WORK TASK =>
Copy down every line of the data that follows exactly. Omit the pictures.

GIVEN MATERIAL START

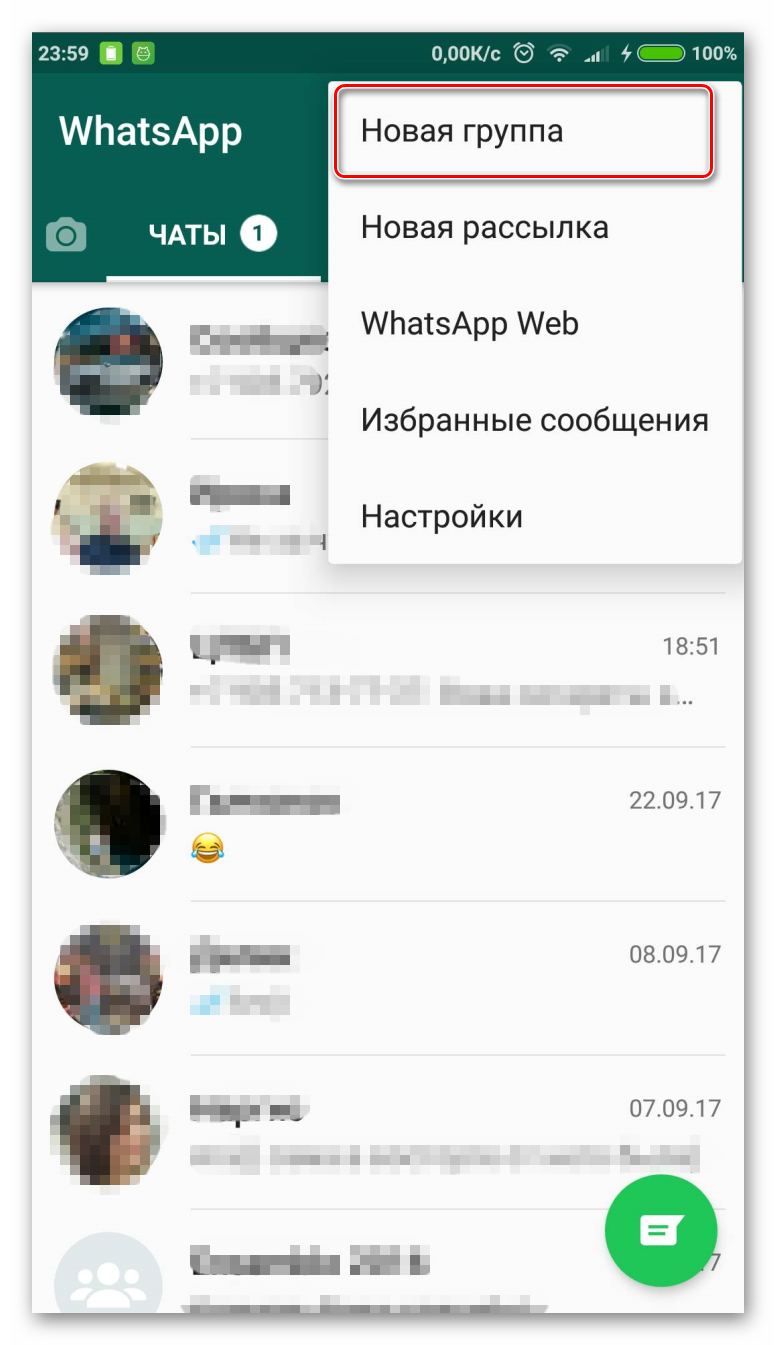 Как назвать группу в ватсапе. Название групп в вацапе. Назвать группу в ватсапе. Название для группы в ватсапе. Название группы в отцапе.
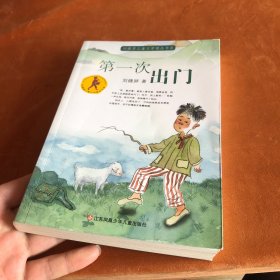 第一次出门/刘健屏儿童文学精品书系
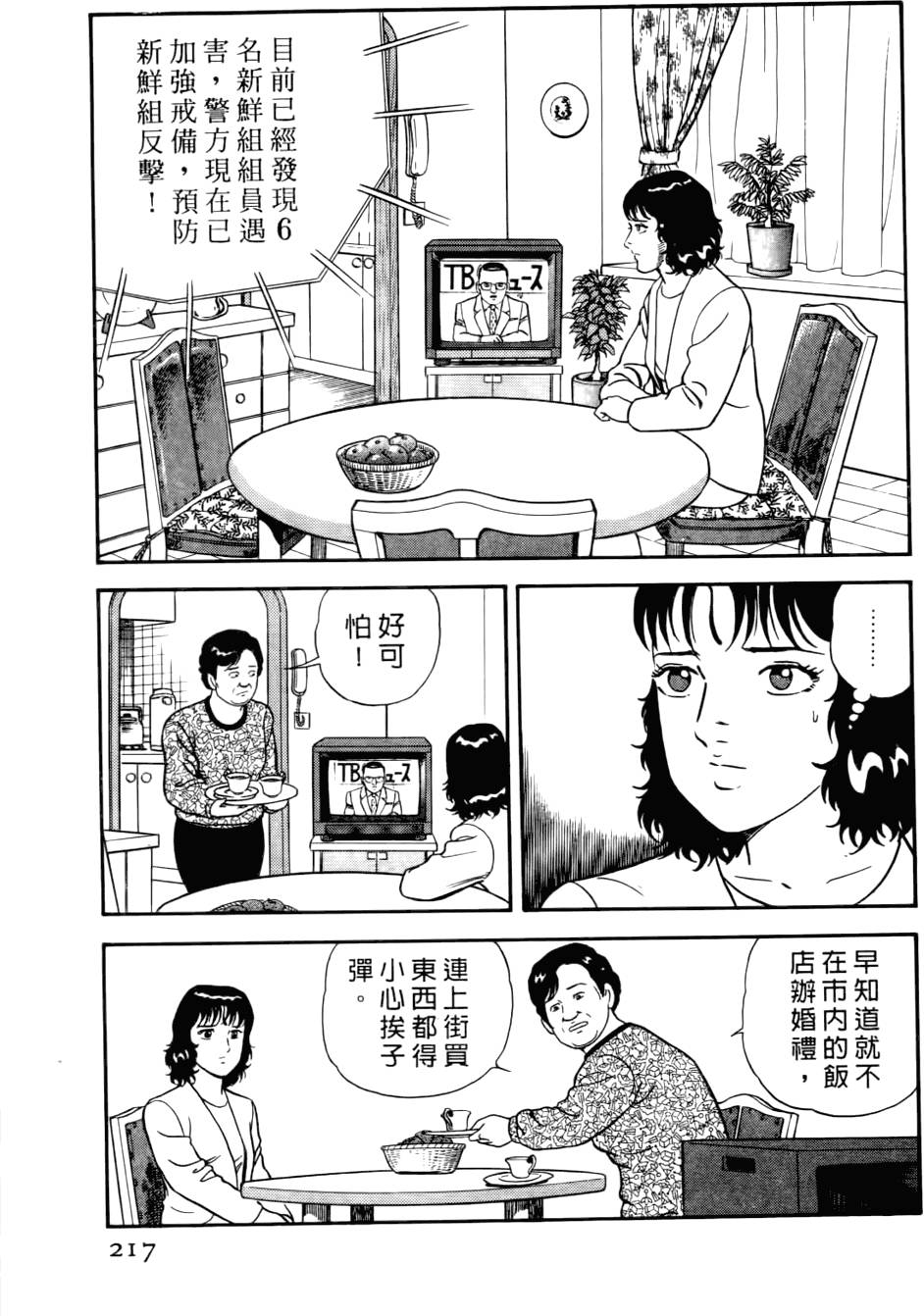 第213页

GIVEN MATERIAL END

THE COMPLETED TASK =>
 Как назвать группу в ватсапе. Название групп в вацапе. Назвать группу в ватсапе. Название для группы в ватсапе. Название группы в отцапе.
 第一次出门/刘健屏儿童文学精品书系
 第213页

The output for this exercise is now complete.